- **TASK OBJECTIVE**
Repeat the data verbatim, images excluded.

Saved entries

....

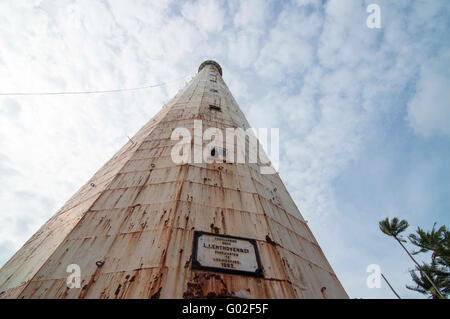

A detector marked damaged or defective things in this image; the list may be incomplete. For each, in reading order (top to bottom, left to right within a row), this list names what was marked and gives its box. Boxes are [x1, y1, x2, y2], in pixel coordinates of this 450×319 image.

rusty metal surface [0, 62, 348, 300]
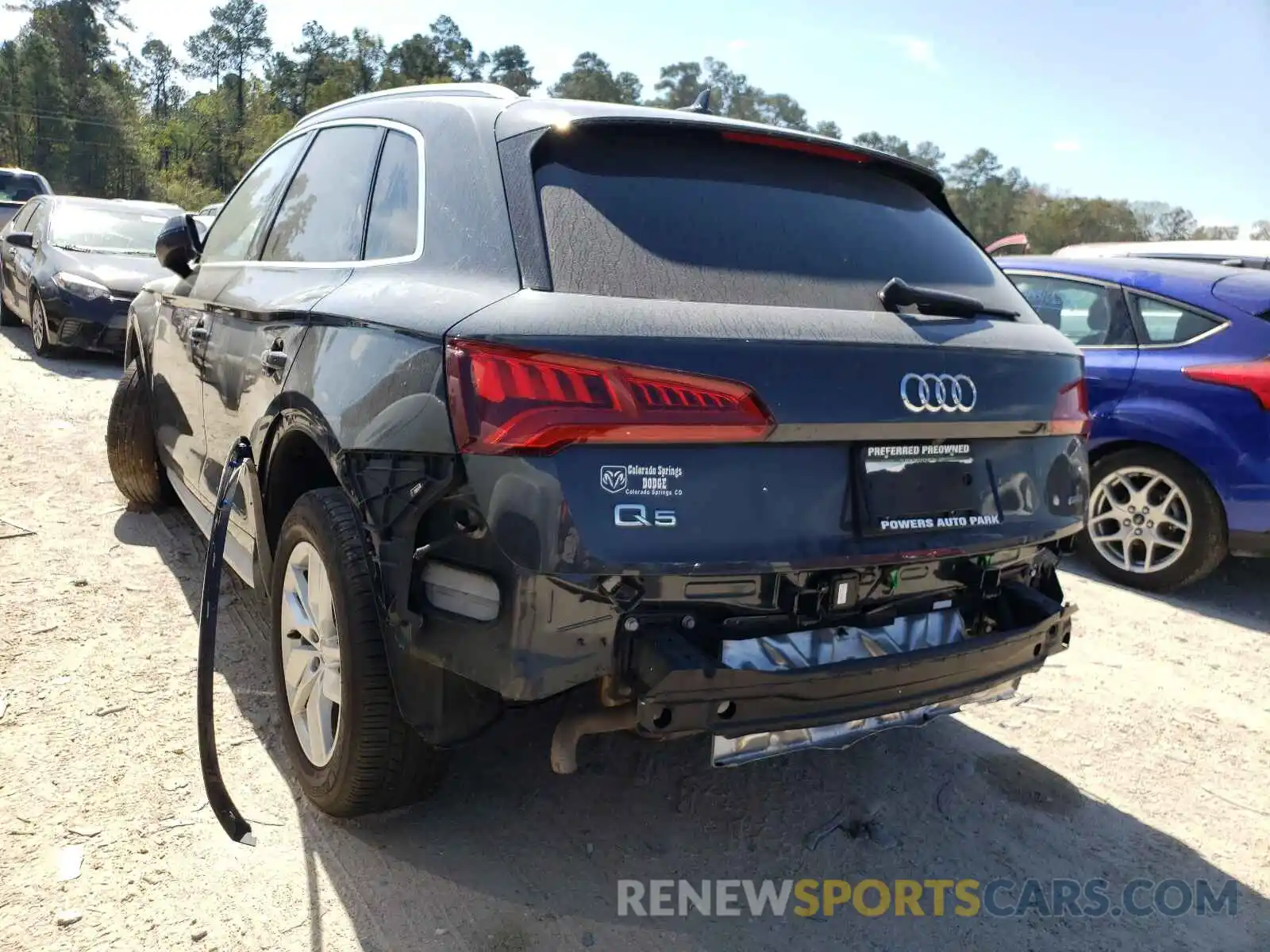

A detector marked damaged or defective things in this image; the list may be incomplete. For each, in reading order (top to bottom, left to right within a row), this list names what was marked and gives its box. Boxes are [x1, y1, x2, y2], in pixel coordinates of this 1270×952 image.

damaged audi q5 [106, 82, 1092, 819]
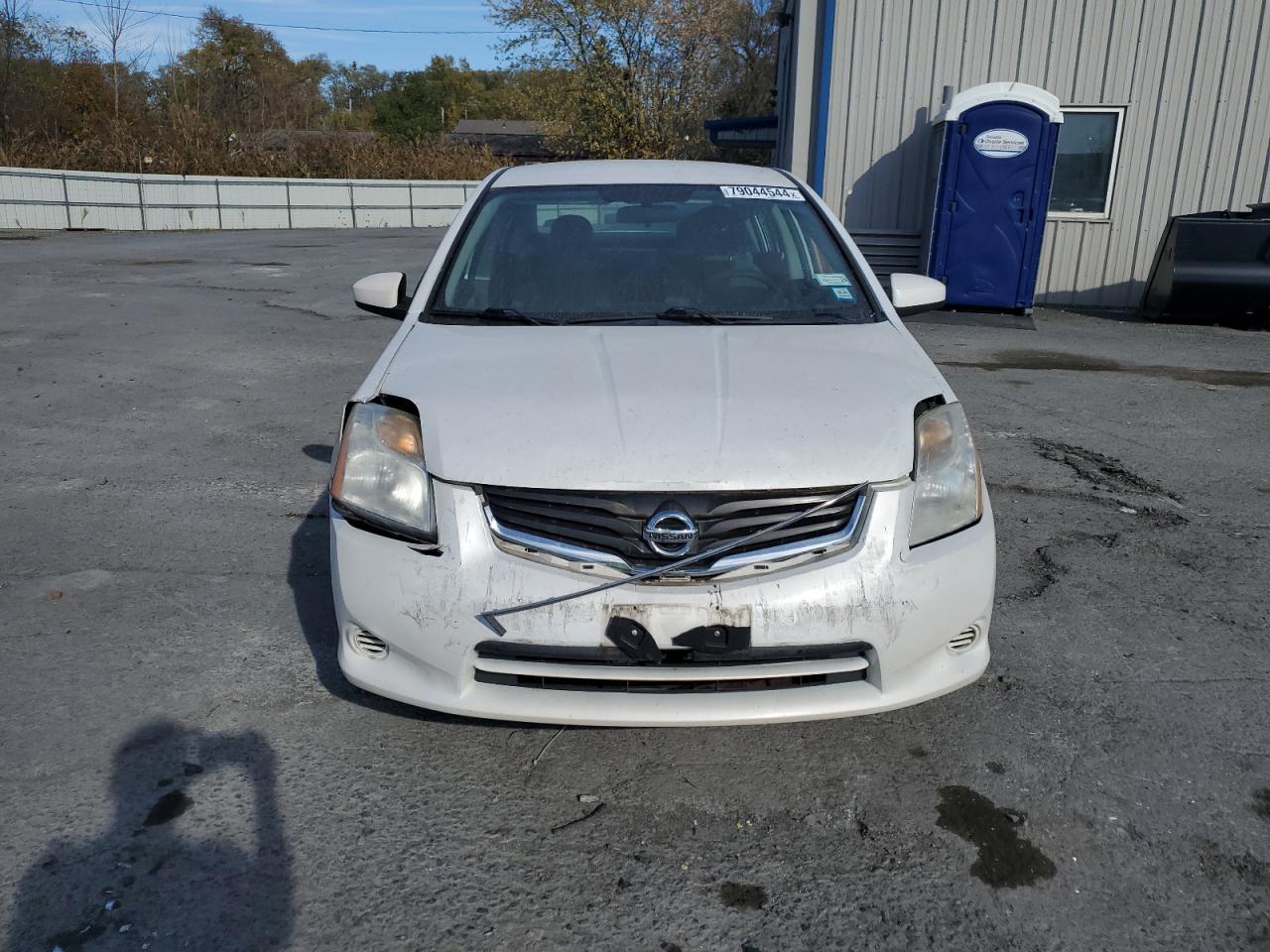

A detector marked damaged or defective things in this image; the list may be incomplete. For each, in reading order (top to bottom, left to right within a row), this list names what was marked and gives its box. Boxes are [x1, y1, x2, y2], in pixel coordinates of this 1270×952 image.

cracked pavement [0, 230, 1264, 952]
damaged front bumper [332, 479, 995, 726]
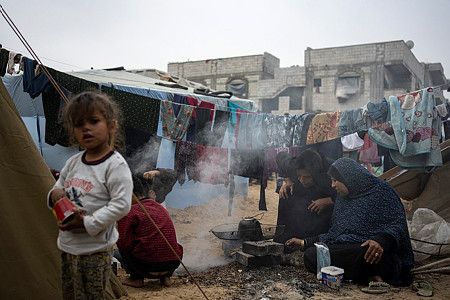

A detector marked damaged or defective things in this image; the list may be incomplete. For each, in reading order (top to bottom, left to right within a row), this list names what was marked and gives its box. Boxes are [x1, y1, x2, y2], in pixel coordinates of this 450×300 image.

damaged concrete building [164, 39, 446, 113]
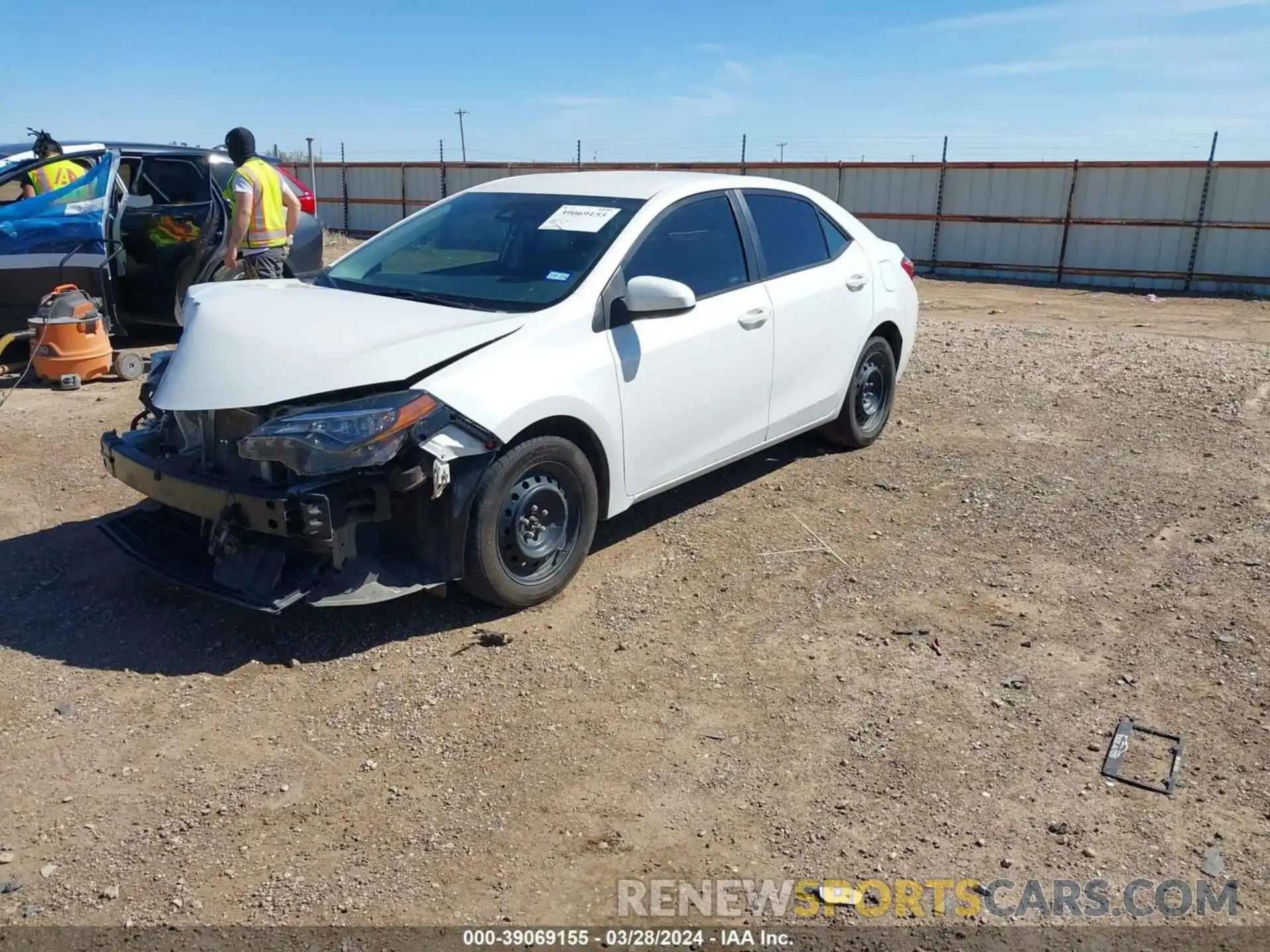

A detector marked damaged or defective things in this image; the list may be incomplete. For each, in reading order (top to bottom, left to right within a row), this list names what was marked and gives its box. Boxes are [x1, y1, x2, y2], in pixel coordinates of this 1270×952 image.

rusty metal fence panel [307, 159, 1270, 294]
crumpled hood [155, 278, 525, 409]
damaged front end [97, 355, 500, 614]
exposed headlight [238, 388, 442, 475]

....

- **EXERCISE SOLUTION**
A detector marked damaged or defective things in this image; the list may be incomplete. For each, in reading order (top to bottom, left to right within a row), this list names what was marked and gives its box. Boxes are [x1, y1, x2, y2], in pixel coordinates of this 450×319 image.

rusty metal surface [0, 62, 348, 300]

A detector marked damaged or defective things in this image; the list may be incomplete. For each, in reading order (top to bottom, left to right within a row), this list names what was marked and gives its box. Boxes are [x1, y1, x2, y2], in pixel coordinates of this 1270×952 image.

damaged audi q5 [106, 82, 1092, 819]

A detector marked damaged or defective things in this image; the list may be incomplete. For each, in reading order (top to bottom, left to right within a row), this list names what was marked and gives its box. Boxes are [x1, y1, x2, y2], in pixel coordinates of this 1270×952 image.

cracked pavement [0, 230, 1264, 952]
damaged front bumper [332, 479, 995, 726]

A detector marked damaged or defective things in this image; the list may be incomplete. For each, in reading order (top to bottom, left to right within a row), this list names what was marked and gives its box. Boxes are [x1, y1, x2, y2], in pixel coordinates of this 450×300 image.

damaged concrete building [164, 39, 446, 113]

A detector marked damaged or defective things in this image; the list may be incomplete. For each, in reading order (top to bottom, left to right within a row), this list names what was marked and gives its box. Boxes are [x1, y1, x2, y2], in pixel coordinates of this 1270×952 image.

rusty metal fence panel [307, 159, 1270, 294]
crumpled hood [155, 278, 525, 409]
damaged front end [97, 355, 500, 614]
exposed headlight [238, 388, 442, 475]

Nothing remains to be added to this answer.